Internal comms (internal communications) is the practice of keeping employees informed, aligned, and engaged through deliberate messaging and channels. When it works, people understand strategy, feel connected to leadership, and know where to find information. When it’s an afterthought, confusion and disengagement follow. This guide covers what internal comms is, why it matters, channel pros and cons, building a strategy, measuring effectiveness, common mistakes, and the role of video.
Internal Communications Defined
Internal communications is the function of planning, creating, and distributing messages to employees (and sometimes contractors or key partners). It includes: company and strategy updates, change announcements, policy and people news, recognition, and two-way feedback. Internal comms can sit in HR, a dedicated IC team, or report to the CEO/COO. The goal is clarity, alignment, and a sense of belonging—not just "we sent an email." In practice, internal comms spans channels (email, Slack, intranet, town halls, video) and audiences (all-hands vs. segment-specific). The best internal comms strategies have a clear message hierarchy (what's must-know vs. nice-to-know), a consistent cadence so people know when to expect news, and feedback loops so employees can ask questions and feel heard. When internal comms is underinvested, alignment suffers, rumors spread, and engagement drops; when it's done well, it's a competitive advantage.
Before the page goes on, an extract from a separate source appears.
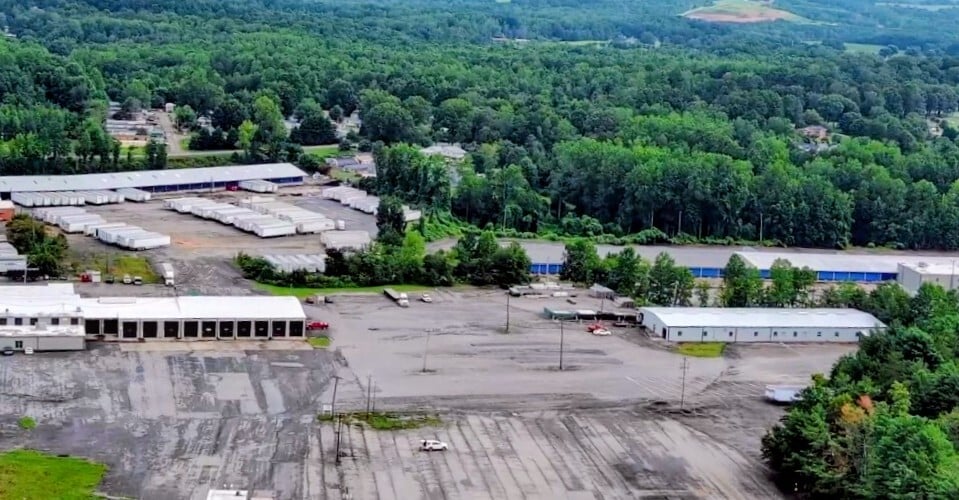 More Photos Of 1201 E Church St, Cherryville Unknown For Lease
Internal communications is the function of planning, creating, and distributing messages to employees (and sometimes contractors or key partners). It includes: company and strategy updates, change announcements, policy and people news, recognition, and two-way feedback. It can sit in HR, a dedicated IC team, or reporting to the CEO/COO. The goal is clarity, alignment, and a sense of belonging—not just “we sent an email.”
Why Internal Comms Matters
- Engagement: Consistent, clear communication is linked to higher engagement scores. Gallup research found that business units with high employee engagement see 23% higher profitability—and communication is a key driver of that engagement. People want to know what’s going on and why.
- Alignment: When strategy and priorities are communicated well, teams pull in the same direction. When they’re not, silos and conflicting priorities grow. A McKinsey report found that improved communication and collaboration through digital tools can raise the productivity of knowledge workers by 20–25%.
- Retention: Transparency and recognition improve morale and reduce flight risk. Poor comms often show up in exit interviews (“I didn’t know what was happening”).
- Culture: How you communicate—tone, frequency, who speaks—signals what the organization values. Internal comms shapes culture as much as it reflects it.
Investing in internal comms is an investment in execution and retention.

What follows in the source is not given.